張本は準決勝まで勝ち上がるまでに緒方(早稲田大)、田添健汰(木下グループ)らに辛勝しており、本調子とは言い難い気配が漂っていた。この試合でも立ち上がりからいつもの張本らしいスタートダッシュが見られず、フォアハンドドライブやチキータに凡ミスが目立ち、大島にゲームカウント3対1と王手をかけられてしまう。調子が上がらないなりにも気持ちを奮い立たせながら1球1球プレーし、フルーゲームまで追い付いた張本の気持ちの強さはさすがだったが、最後はレシーブをネットにかけ、大島の軍門に下った。
一方、張本を倒した大島のプレーは見事だった。特にサービスの配球が素晴らしく、フォアミドル前を中心に、時折バックサイドを切るようなコースやバック側へのYGロングサービスで張本のチキータを鈍らせた。張本がチキータではなくストップを使ってきて台上戦になったときは、張本のミドルをうまく突いてつながせ、それを快速を生かした豪腕フォアハンドドライブで狙うパターンも心憎かった。
競り合いで会場中の視線がフォーカスする中、最後まで足が止まらなかった大島は、全日本特有の雰囲気に飲まれない気持ちの強さも見せた。決勝でも十分にチャンスがある。
●男子シングルス準決勝
水谷隼(木下グループ)-5,8,9,6,6 木造勇人(愛知工業大)
1ゲーム目は木造が目の覚めるような速攻やカウンターを炸裂させて先制するが、2ゲーム目からは完全に水谷ペース。

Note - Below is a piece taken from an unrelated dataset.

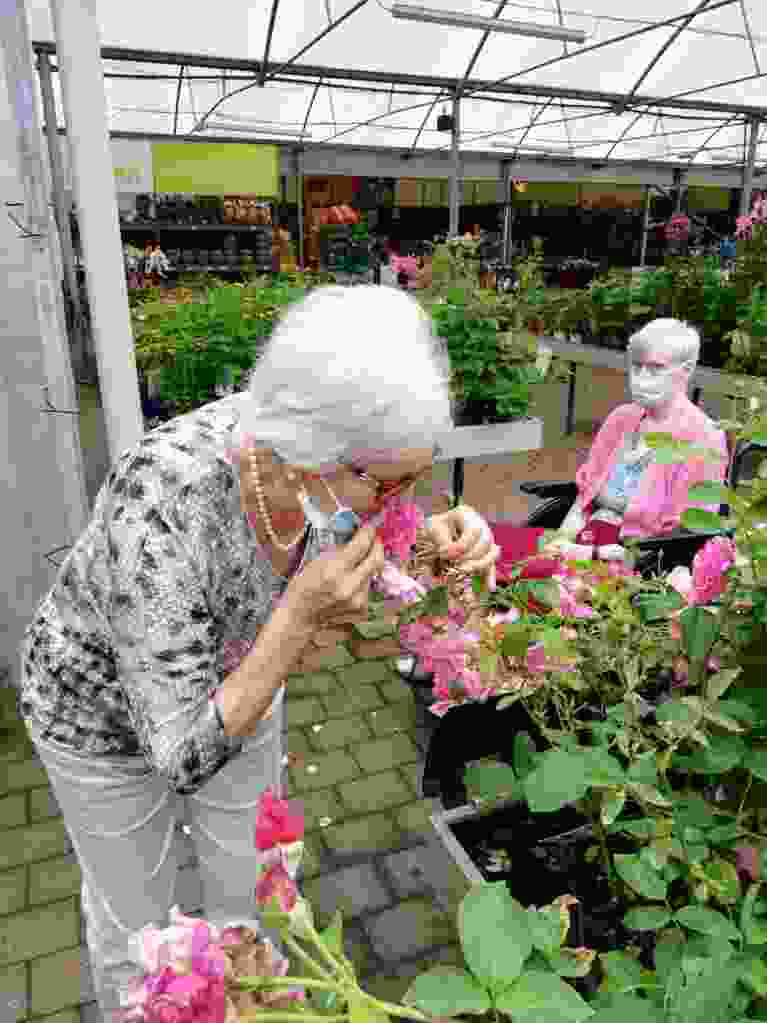 Naar Intratuin met enkele bewoners van B1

木造の球質やコース取りをつかんだ水谷は、高くゆるいボールでミスを誘ったり、木造の速攻をカウンターで狙い打ったりして得点を重ねる。5ゲーム目は木造のフォア側をノータッチで抜くシーンをたびたび見せ、4ゲーム連取で勝利。13年連続となる決勝進出を決めた。
決勝ではチームメイトでありダブルスのパートナーである大島と対戦する。今大会の水谷はかなりの出来だが、怪物・張本を倒した大島も相当のっている。ともに足が良く打ち合いに強い二人だけに、激戦は必至だろう。